YOUR TASK:
Retype only the lines from the top of the records to the line with "Tierpflege, Wundsalbe, Pferd, Pferdefell, Hydrogel?", including that line but none of the pictures.

TASK MATERIAL:
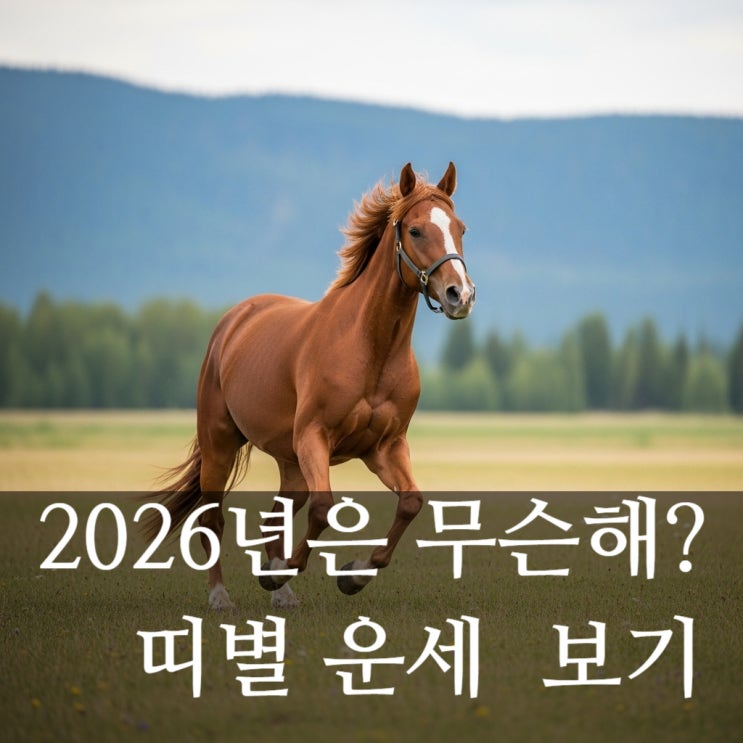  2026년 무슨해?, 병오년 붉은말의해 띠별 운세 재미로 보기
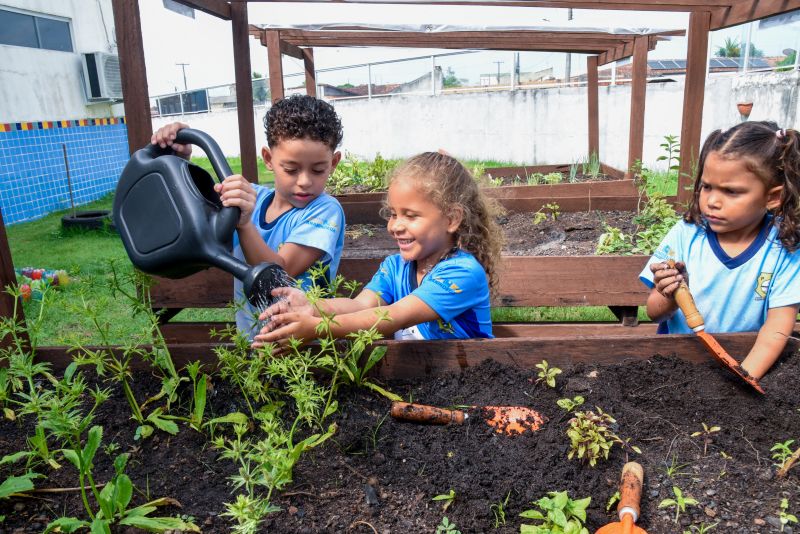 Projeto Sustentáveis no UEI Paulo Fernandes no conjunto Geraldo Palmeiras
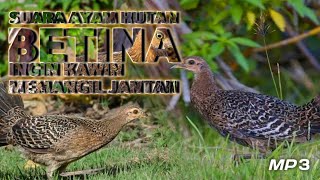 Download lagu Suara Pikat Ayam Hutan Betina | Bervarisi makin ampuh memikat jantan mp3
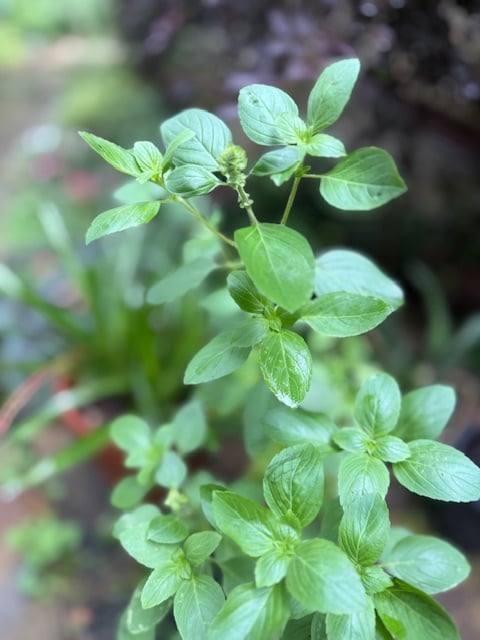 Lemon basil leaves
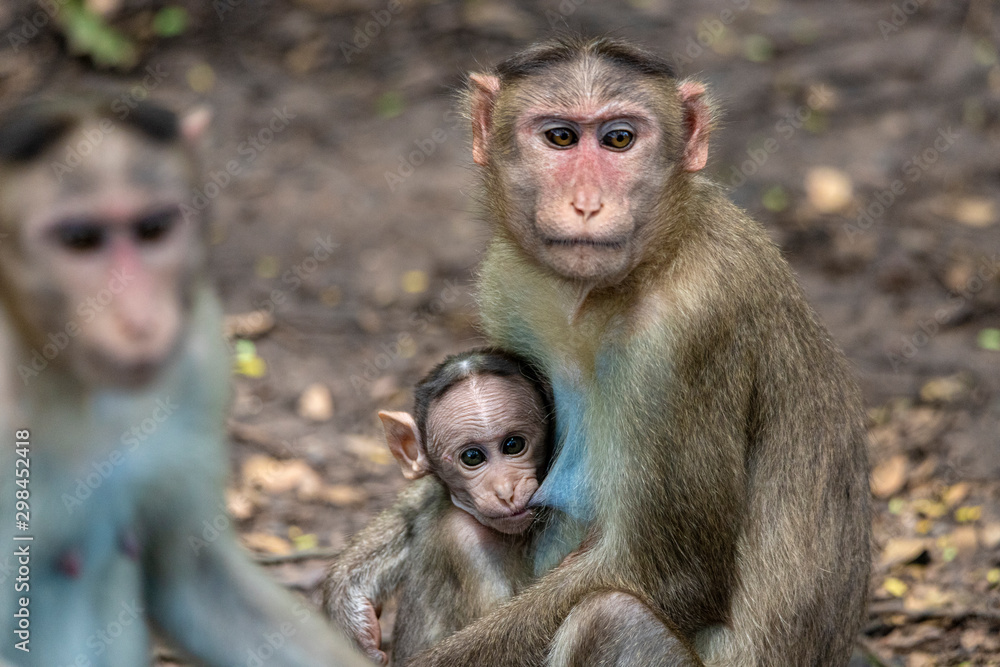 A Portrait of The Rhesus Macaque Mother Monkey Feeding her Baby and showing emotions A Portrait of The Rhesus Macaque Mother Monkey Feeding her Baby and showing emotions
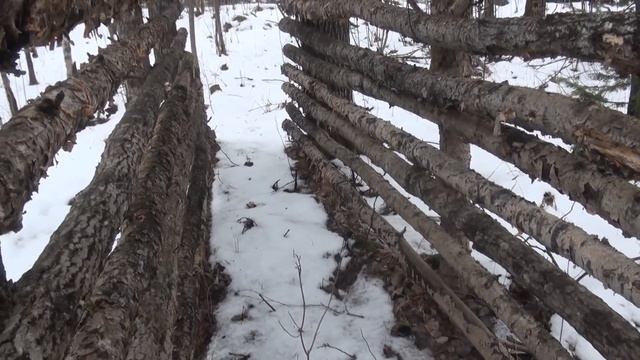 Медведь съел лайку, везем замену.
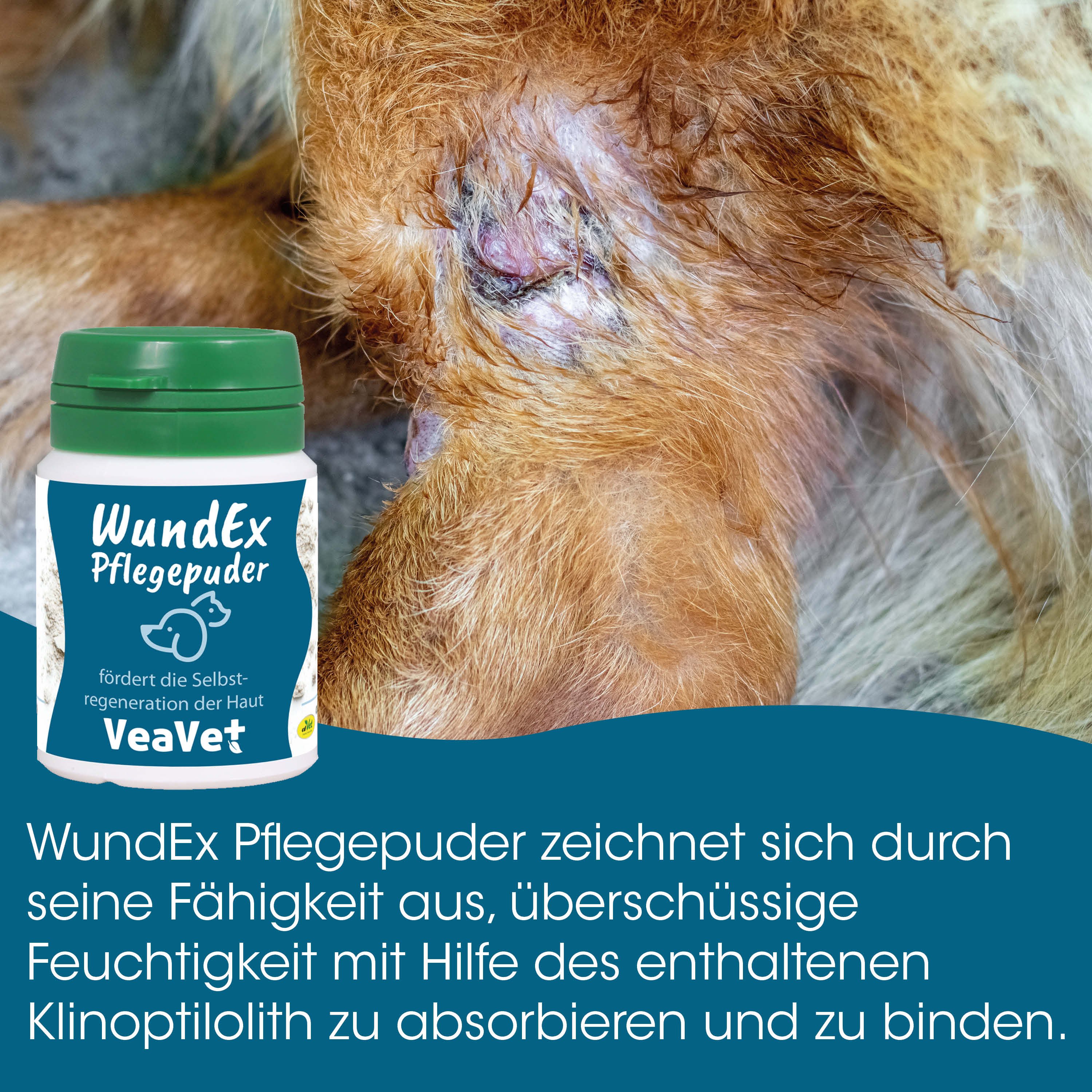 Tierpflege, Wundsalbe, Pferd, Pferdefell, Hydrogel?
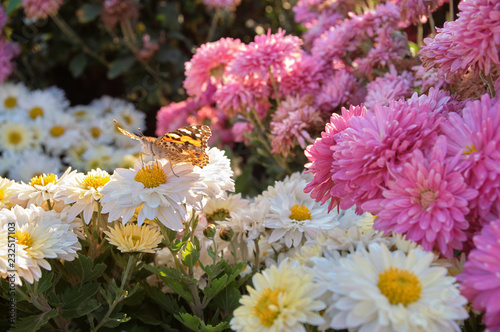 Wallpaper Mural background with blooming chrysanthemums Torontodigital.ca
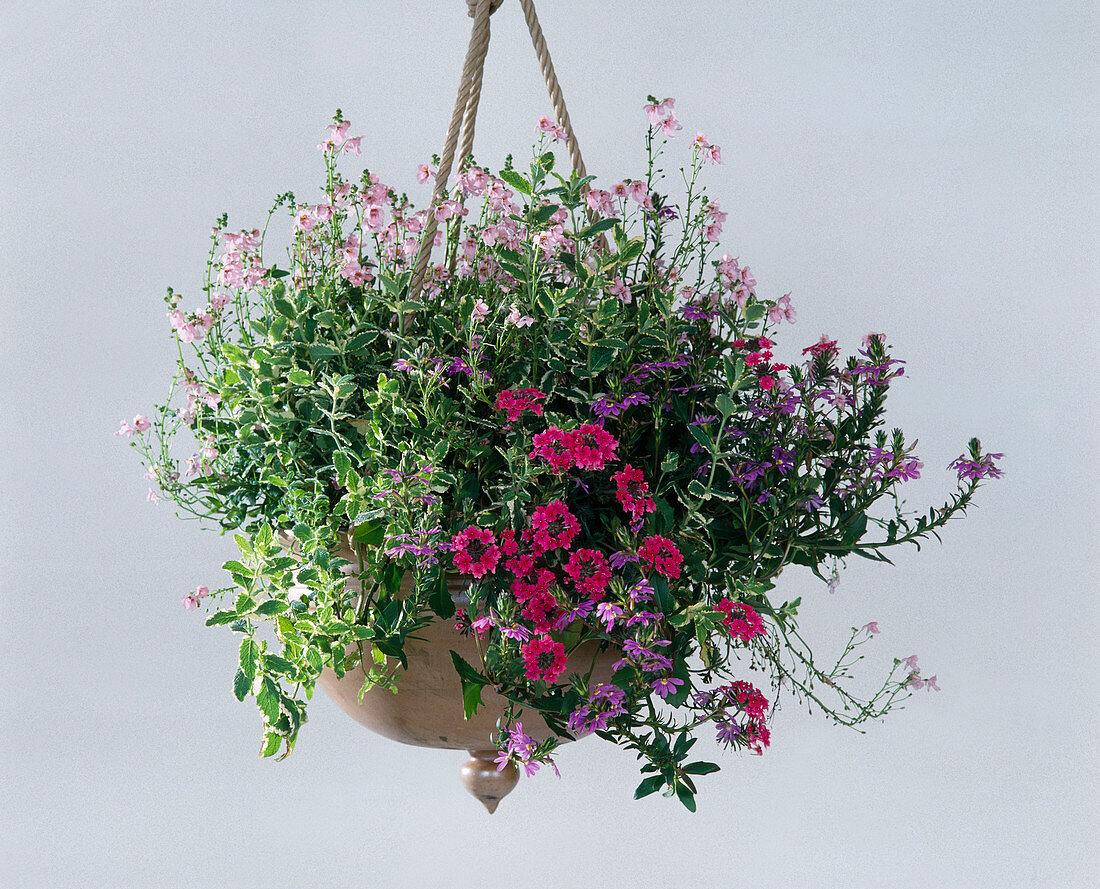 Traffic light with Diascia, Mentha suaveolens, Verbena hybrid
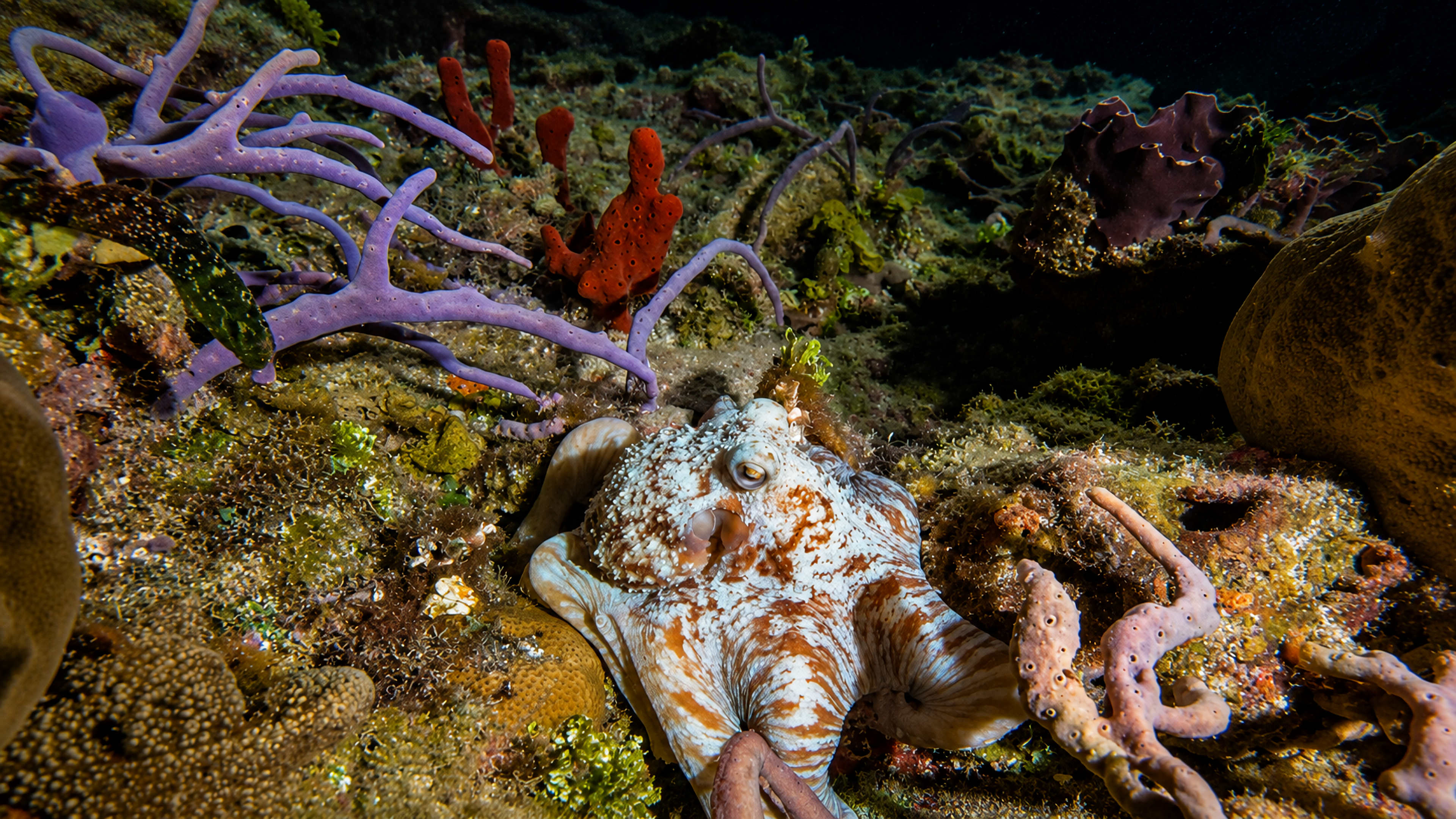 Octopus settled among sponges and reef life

SOLUTION FOR THIS EXERCISE:
  2026년 무슨해?, 병오년 붉은말의해 띠별 운세 재미로 보기
 Projeto Sustentáveis no UEI Paulo Fernandes no conjunto Geraldo Palmeiras
 Download lagu Suara Pikat Ayam Hutan Betina | Bervarisi makin ampuh memikat jantan mp3
 Lemon basil leaves
 A Portrait of The Rhesus Macaque Mother Monkey Feeding her Baby and showing emotions A Portrait of The Rhesus Macaque Mother Monkey Feeding her Baby and showing emotions
 Медведь съел лайку, везем замену.
 Tierpflege, Wundsalbe, Pferd, Pferdefell, Hydrogel?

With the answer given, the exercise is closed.